Cloudy With a Chance of Outages: Amazon Web Service Disruptions Continue

  • Share
  • Read Later

Another day, another staggering mess for Amazon’s cloud-based web service, on the fritz since yesterday and causing chaos for sites like Foursquare, Hootsuite, Quora, and Reddit. As of this post, it looks like Reddit’s partly back, as is Box Office Mojo, but determining who’s up or not (or by how much) is like picking through a haystack.

We’re seeing a bit of the fallout ourselves here at Techland: Our activity-tracking service says it’s “still recovering from ongoing issues with Amazon Web Services” and that we might be missing historical data. Not a huge deal at the moment, but an indication of just how wide-reaching the outage is.

Unlike Sony, whose PlayStation Network has been down since Wednesday evening (the two events are unrelated), Amazon’s actually tried to explain in some detail what went haywire yesterday, and why.

According to Amazon, “a networking event” in its North Virginia data center caused a bunch of servers to start redundantly backing things up, chewed through server space, and, well, you can imagine what happened next. Not that you need to if you’re one of the afflicted. Sites are coming back online, but it’s hit and miss.

And it’s not just bad news for customers: The egg on Amazon’s face is staggering. Amazon touted its service as fully redundant, claiming it was isolating servers in different “availability” zones, meaning an outage in one wouldn’t impact another. So much for that claim, or the notion that with AWS, customers could fire and forget.

According to FathomDB‘s Justin Santa Barbara (via SFGate) it’s Amazon’s fault for not following its own rules: “Whether that happened through incompetence or dishonesty or something a lot more forgivable entirely, we simply don’t know at this point.”

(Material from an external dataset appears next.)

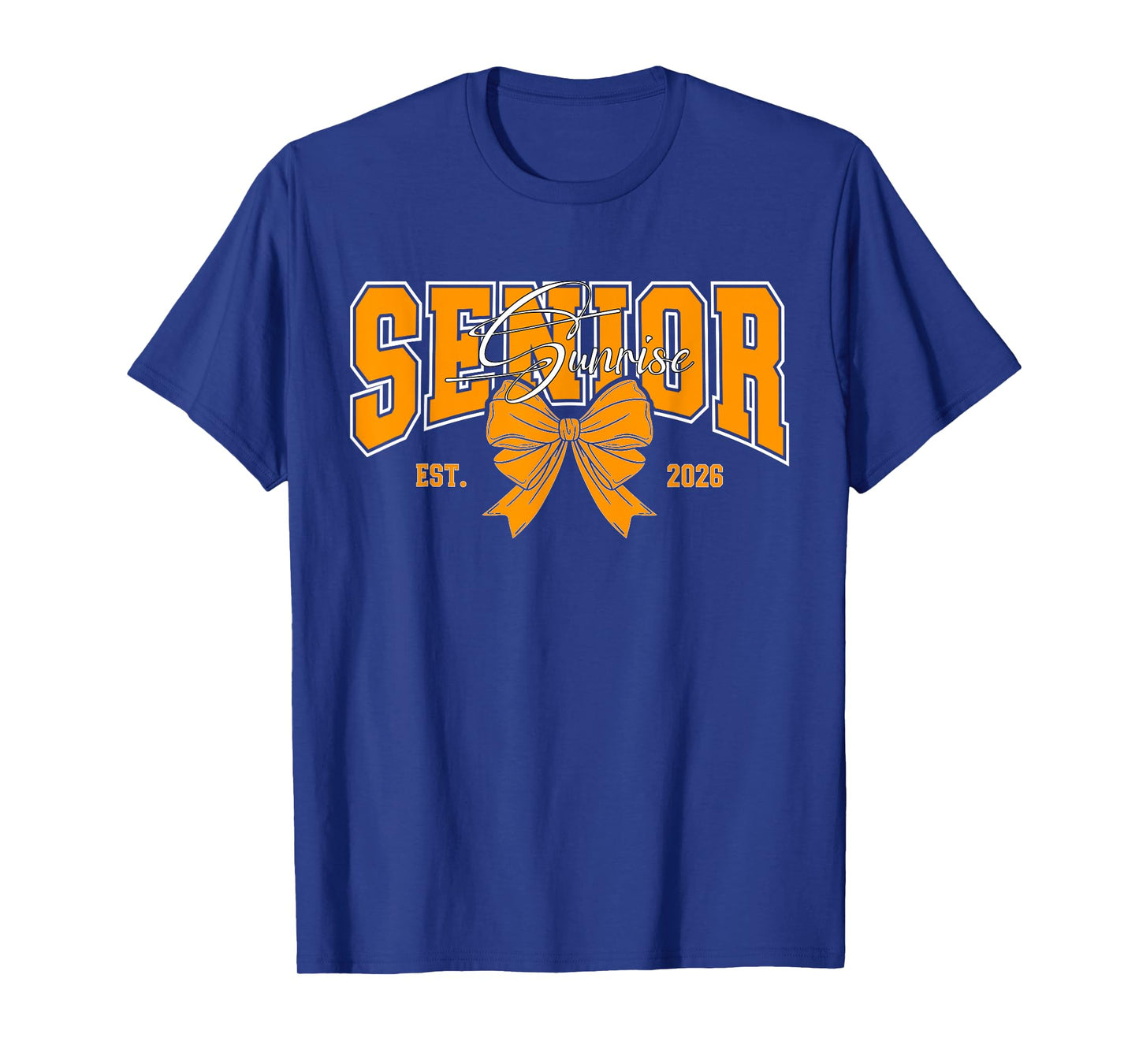 Vintage SENIOR SUNRISE 2026 Seniors of class graduation T-Shirt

Welcome to your “cloud”-based future, where handing control of your services to external providers (like Amazon) remains a risky proposition. The lesson here isn’t that cloud computing doesn’t work–it does, and events like this only ensure it’ll get better–but that cloud-computing clients still need disaster recovery plans in the event error, incompetence, or fate kick the legs out from under the table.